|The Hot, The Cool and The Vicious (1976)|
|Writers:||Chang Hsin Yi|
|Starring:||Don Wong, Tommy Lee and Dorian Tan|
|The Plot: Pai Yu Ching (Don Wong) is a killer fresh in town, and he is immediately roped into a fight at the local teahouse. Captain Lu (Dorian Tan) sees the trouble that he brings with him, and at first hopes to see Pai leave town. However, Lu has misjudged Pai, and the real problem is with those from his quaint city. Man Shan, the rebellious son of the mayor, who actually made Lu the captain of the police force, begins to harass Lu’s very own wife.

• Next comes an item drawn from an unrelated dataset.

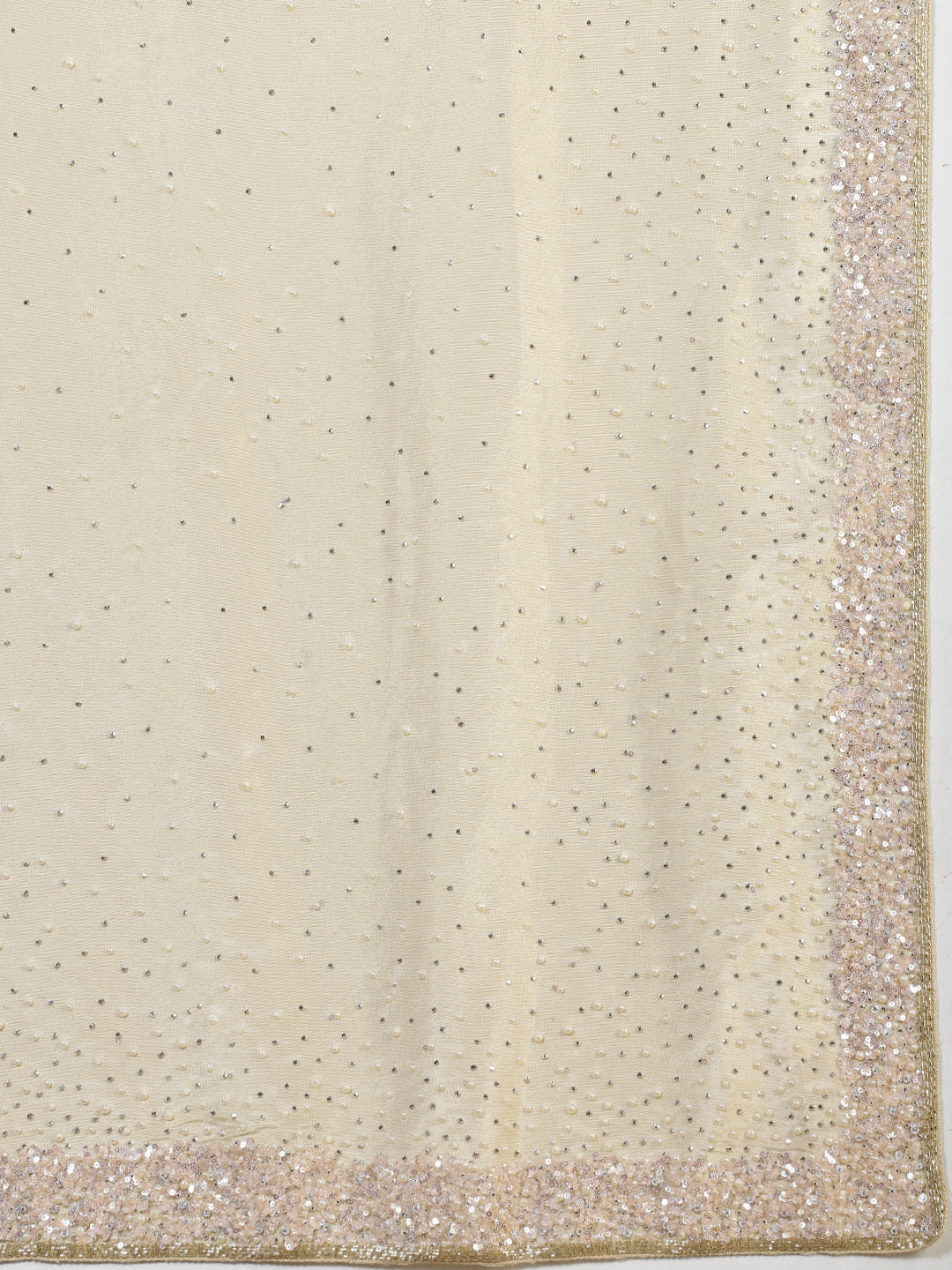 Sequence Embroidery Tissue Saree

When he breaks into their home one day and threatens her, he shoves Lu’s mother-in-law down causing her to smash her head into a table and die. Lu demands that Man Shan turn himself into custody, but the mayor immediately begins to hide his son and sends off for any martial artist who may be able to assassinate Lu. He assigns Pai Yu Ching to protect his home, but Pai has no problems with Lu and refuses to go out in search of the lawman. He simply promises to protect the mayor’s home. This causes the mayor to bring in the deadly Mr. Lung (Tommy Lee), who is a golden-haired monster of a martial artist. As it eventually turns out, Pai Yu Ching has a secret reason for aligning himself so close to the mayor and he is soon seeking Capt. Lu’s help. Will these two team together in order to defeat the nefarious Mr. Lung?|
A kung fu potboiler, The Hot, the Cool and the Vicious might be a bit slow in developing its plot, but it keeps things simple enough that audiences can easily keep up with the interchanging motivations. It doesn’t hurt that the necessary characters are both interesting and likable. Written by kung fu film veteran Chang Hsin Yi (Militant Eagle), he establishes all of the important elements early in the film and then fleshes the story out in a very responsible manner. If there’s anything I’ve noticed from the hundreds of kung fu titles that I have watched, it is that the weaker films often develop plot twists at the very last minute. The characters in our film today, however, are developed very early on. Even though this title may, on the outside, look like a ripoff of Secret Rivals, in many ways it does much more to play with narrative devices. In the most important aspects, however, it does lack in comparison. The cast isn’t as outrageous, the characters aren’t quite as zany, and the movie does lack in the comedy department.